Company cars are often seen as a big expense, with endless running costs to consider.
Switching your fleet to electric cars offers a range of savings compared to petrol and diesel costs.
With the government planning to ban the sale of new petrol or diesel cars by 2030, they’re adding more and more financial incentives for people and businesses to switch to electric cars.
That includes thousands of pounds a year in tax savings for employees and businesses.
Here’s a handy guide to the electric company car tax benefits you could be taking advantage of in 2021.
Electric car road tax
An immediately attractive benefit of fully electric cars is that they’re exempt from road tax (or Vehicle Excise Duty to get technical about it).
All cars registered between 1st March, 2001 and 31st March, 2017 with CO2 emissions below 100g/km are completely exempt.
For low emission cars registered from 1st April 2017 onwards, the 0% rate applies to cars with emissions of 50g/km and under.
However, for hybrid cars with emissions above this amount, first-year tax payments are still drastically reduced compared to petrol and diesel cars.
Zero-emissions vehicles are also exempt from additional annual charges regardless of their cost, while other vehicles are taxed an extra £325 a year if they’re valued above £40,000.
Electric car benefit in kind tax
Even if your electric company car is exempt from road tax, there’s still company car tax to consider when the vehicle is a ‘benefit in kind’.
This tax applies when employees use company cars privately as well as for work, which includes commuting.
That said, the benefit in kind rates for electric cars are extremely low.
As an incentive for businesses to go electric, the government dropped the tax for vehicles with emissions below 50g/km from 16% in 2019 to 0% in 2020.
This will increase to 1% in the tax year from April 2021 to April 2022, and to 2% the following year, but then it’ll freeze at this rate until at least 2025.
Due to recent changes in CO2 emissions testing, electric car BIK rates are slightly different for cars registered before April 2020 and cars registered afterwards, making them even lower for hybrids with emissions between 1-50g/km.
By comparison, petrol and diesel cars with higher emissions will generate a benefit in kind rate between 16-37%.
|CO2 emissions||Electric range||2019-2020 BIK rate||2020-2021 BIK rate||2021-2022 BIK rate||2022-2023 BIK rate|
|1-50 g/km||>130 miles||16%||0%||1%||2%|
|1-50 g/km||70-129 miles||16%||3%||4%||5%|
|1-50 g/km||40-69 miles||16%||6%||7%||8%|
|1-50 g/km||30-39 miles||16%||10%||11%||12%|
|1-50 g/km||<30 miles||16%||12%||13%||14%|
Electric car capital allowance
When you buy a new zero-emissions electric car, it’s eligible for an Enhanced Capital Allowance.
This First Year Allowance means 100% of the car’s cost is tax deductible in the first year of ownership.
You can deduct the amount from your pre-tax profits on your tax return for that year, reducing the amount of Corporation Tax your business has to pay.

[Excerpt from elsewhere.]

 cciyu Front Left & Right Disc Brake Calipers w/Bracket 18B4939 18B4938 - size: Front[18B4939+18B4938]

For example, buying a £30,000 fully electric car would reduce the year’s taxable profit by that amount and save you £5,700 in Corporation Tax at the 19% rate.
You’ll also be able to claim this tax relief allowance for any maintenance costs for the vehicle during the first year.
Meanwhile, cars that emit 1-50g/km of CO2 get an 18% allowance from April 2021, while cars with emissions above this range will be eligible for 6%.
The First Year Allowance also applies when you install new electric car charging points at your business, so you can save even more while investing in infrastructure to power your new electric fleet.
Electric car VAT claims
Unfortunately, there are currently no special tax breaks for low-emission vehicles when it comes to reclaiming VAT.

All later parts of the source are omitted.